Spike Milligan's show Q has been released in two box sets, and they are definitely on my list of things to watch. Considering I could never tolerate the Goons very well (I would have to admit that Harry Secombe merely irritated me) I love Spike Milligan's humour a lot. I have one of those BBC Classic Comedy single-disc anthologies, which claims to capture the highlights of Q and his other series There's A Lot of It About. It is perhaps more associated with Peter Sellers (who plays his own ghost), but Milligan also features in a film in my shopping basket, Ghost in the Midday Sun. I have never seen it so really cannot comment at all, but given that the online reviews tend to comment on its surrealism I suspect that it is my kind of thing.
I notice that recently I have been venturing back in time from the sixties fantasy Avengerland in which I feel most comfortable. Edgar Wallace was one of the most popular crime writers of the earlier years of the twentieth century, and I am finally planing on trying one of the anthology DVDs of his Mysteries series. I was looking at them when I popped into HMV today and thinking that since I do like an old film, they ought to be bang up my street. I have never read any of his myseries so cannot comment on what they are actually like.
Returning to comedy, I have to admit that Dick Emery never fails to make me laugh, although his humour is so old-fashioned nowadays. I lent Ooh You Are Awful to a friend once who watched the beginning and returned it silently to me as if she didn't want it in the house, but he makes me roar. I have another of those BBC Classic Comedy discs, but the one I have in my basket is the disc containing the recordings Emery did for ITV in a rare departure from the BBC. The blurb and the reviews on the internet don't suggest that they differ in any great way from his normal output, so I am looking forward to more of the same.
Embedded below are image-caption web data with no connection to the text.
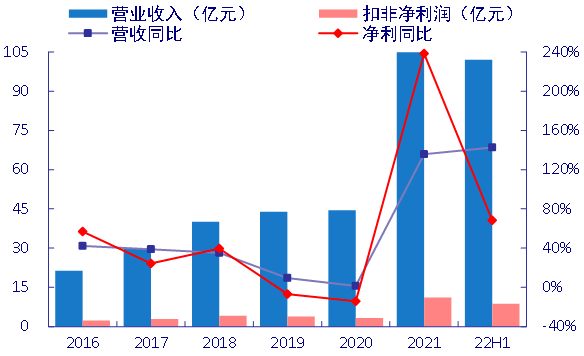 pg电子模拟器【银河电新周然团队】4680大圆柱专题报告之九：CTC结合一体化压(图12)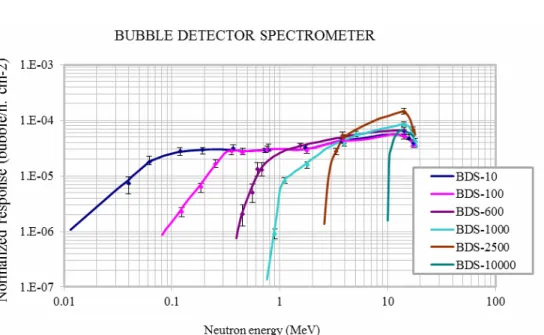 Fig. 6 – BDS neutron energy response. 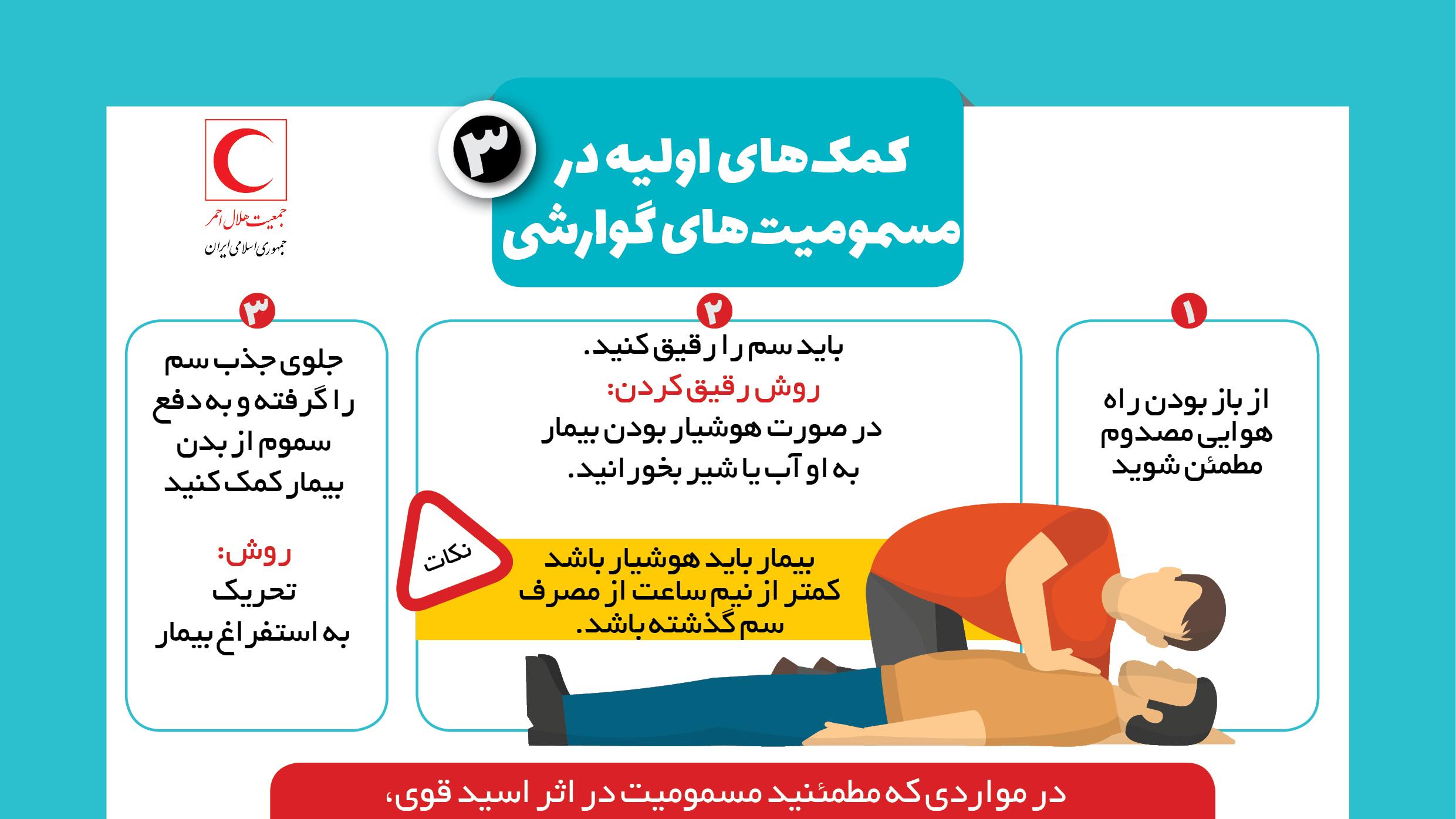 کمکهای اولیه در مسمومیت گوارشی/ اینفوگرافیک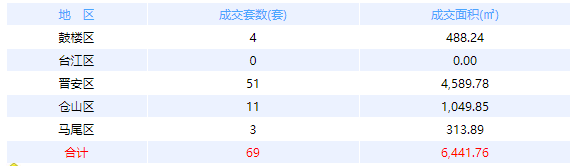 3月5日福州网签：五区98套七县（市、区）114套——九房网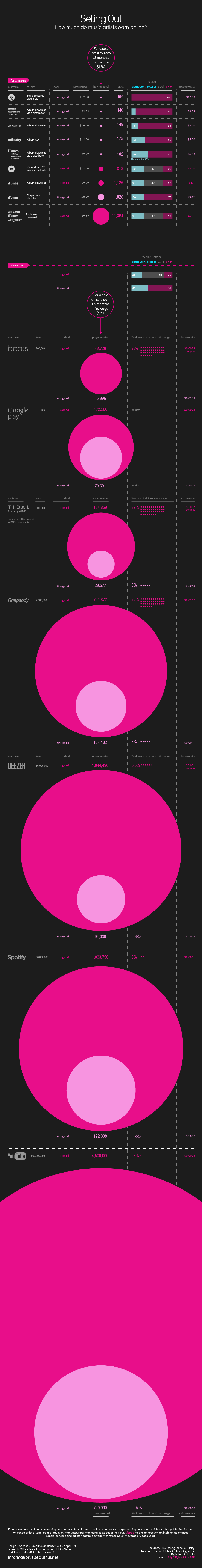Spotify Infographic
I am more ambivalent about the Armchair Theatre series, believing anthology series to be rather patchy by nature. That said, it seems to me that the several box sets of the various series are retaining their value on the resale market, which often suggests that a TV series is quality and thus those who buy it on release don't sell the discs on. Otherwise, it is of course one of the all-time great names in TV shows, with what can only be described as a glittering cast of writers and actors. Of course you all know my reservations about great name actors in TV shows - and even before they became famous, watching those shows afterwards can often still bring the actor's later success intrusively into the viewer's mind.
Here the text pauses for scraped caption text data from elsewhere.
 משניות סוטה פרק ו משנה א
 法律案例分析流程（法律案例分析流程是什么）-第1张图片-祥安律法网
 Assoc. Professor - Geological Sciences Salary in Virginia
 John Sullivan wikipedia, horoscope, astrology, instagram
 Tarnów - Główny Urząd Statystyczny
Other shows I would like to see? Well the parody Laughing Prisoner would be high up on there. It has been on Amazon as awaiting release for some years, but never actually comes out. I remember seeing it in the 80s when there was a fad for shows like The Prisoner and The Avengers, which were being shown on the then-new Channel 4.
Perhaps I will make a point of writing an occasional post on what has caught my eye in the world of classic TV without the obligation to watch the show and thus make some judgement on it first, I have found it quite refreshing. Just please bear in mind that I am making no recommendation of any of these shows, so watch them at your own risk!